3-02.900 Security; Proceedings Against Sureties.

Whenever these Rules, and any other relating to security, require or permit the giving of security by a party, and security is given in the form of a bond or stipulation or other undertaking with one or more sureties, each surety submits himself to the jurisdiction of the court and irrevocably appoints the Clerk of the Court as the surety’s agent upon whom any papers affecting the surety’s liability on the bond or undertaking may be served. The surety’s liability may be enforced on motion without the necessity of an independent action. The motion and such notice of the motion as the court prescribes may be served on the Clerk of the Court, who shall forthwith mail copies to the sureties if their addresses are known.

[History] Ord. 199 (11/12/03); Ord. 74 (5/5/88).


3-02.910 Receivers.

(A) Application; Verification; Service; Notice; Restraining Order. An application for the appointment of a receiver may be included in a verified complaint or may be made by separate and independent verified application after a complaint has been filed. No application shall be considered unless served upon the adverse party except where (a) at least ten (10) days after filing the application, the applicant files a sworn affidavit showing that all reasonable efforts have been made, personal service on the adverse party cannot be made within the Reservation or by direct service outside of the Reservation, or (b) there is substantial cause for appointing a receiver before service can otherwise be made. If application for appointment of a receiver without notice is made, the court shall require and the applicant shall file in the court a bond in such amount as the court shall fix, with such surety as the court shall approve, conditioned to indemnify the defendant for such costs, and all damages as may be occasioned by the seizure, taking and detention of the defendant’s property; or, if the defendant is available for service, the court may order a hearing on the application in less than ten (10) days. No application for a receivership under this Rule shall be entertained where Rule 3-02.890 is applicable.
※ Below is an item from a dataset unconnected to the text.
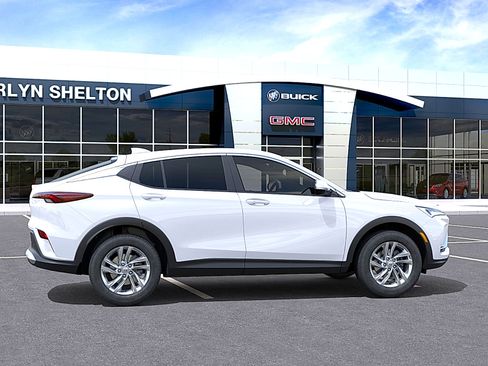 New 2026 Buick Envista Preferred FWD image 5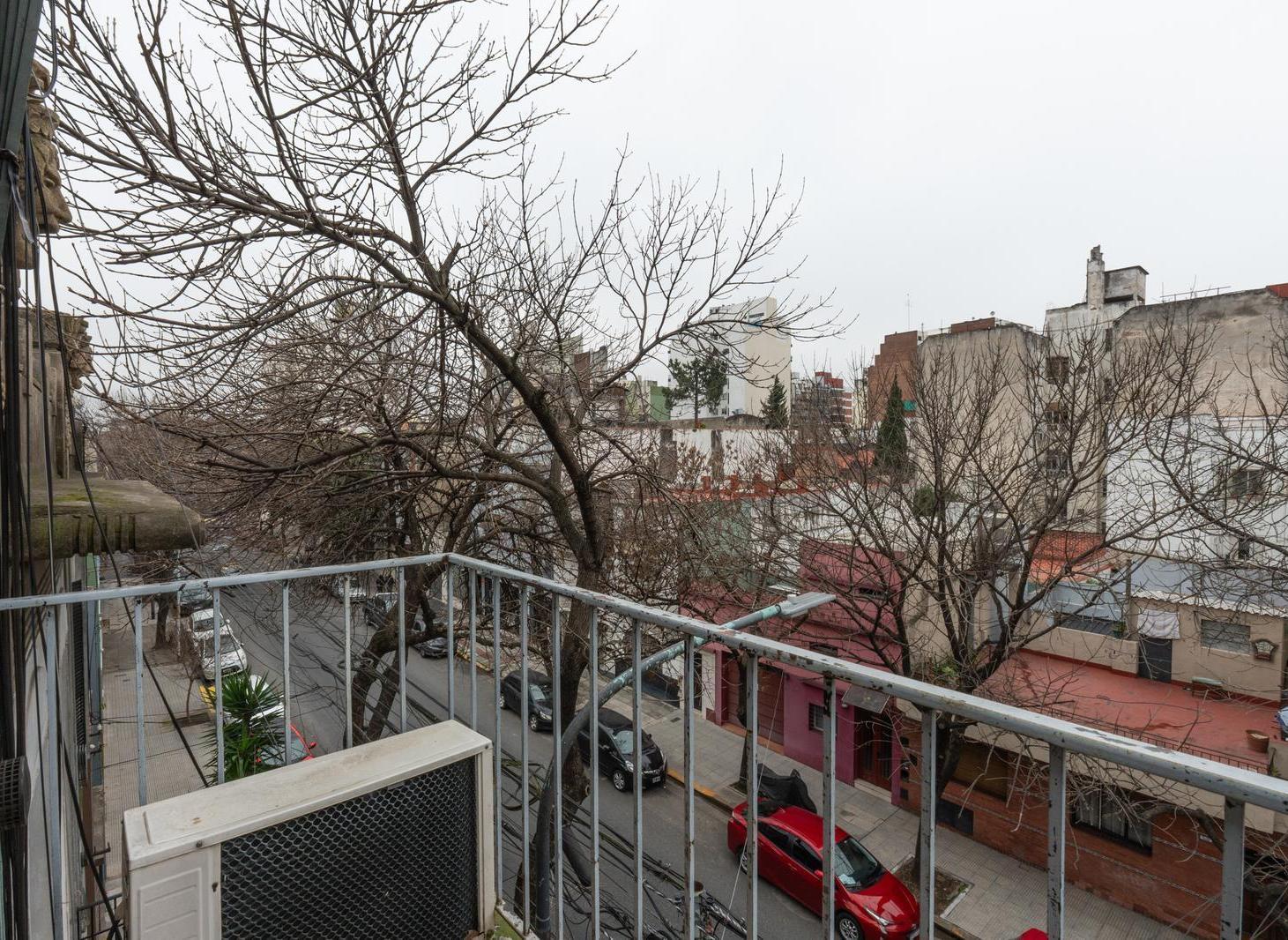 Foto de Departamento de 2 ambientes con balcón en venta en Villa Crespo, imagen 2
(B) Appointment; Oath; Bond; Certificate.

(1) The court shall not appoint as receiver a party, an officer or employee of a party, counsel for a party, or a person interested in the action; provided, however, that after such notice as the court shall find is adequate, and if no party has objected, the court may appoint an employee of a party or an officer of a corporate party, or a person otherwise interested in the action, in a case in which the court finds that the property has been abandoned or that the duties of the receiver will consist chiefly of physical preservation of the property (including crops growing thereon), collection of rents or the maturing, harvesting and disposition of crops then growing thereon.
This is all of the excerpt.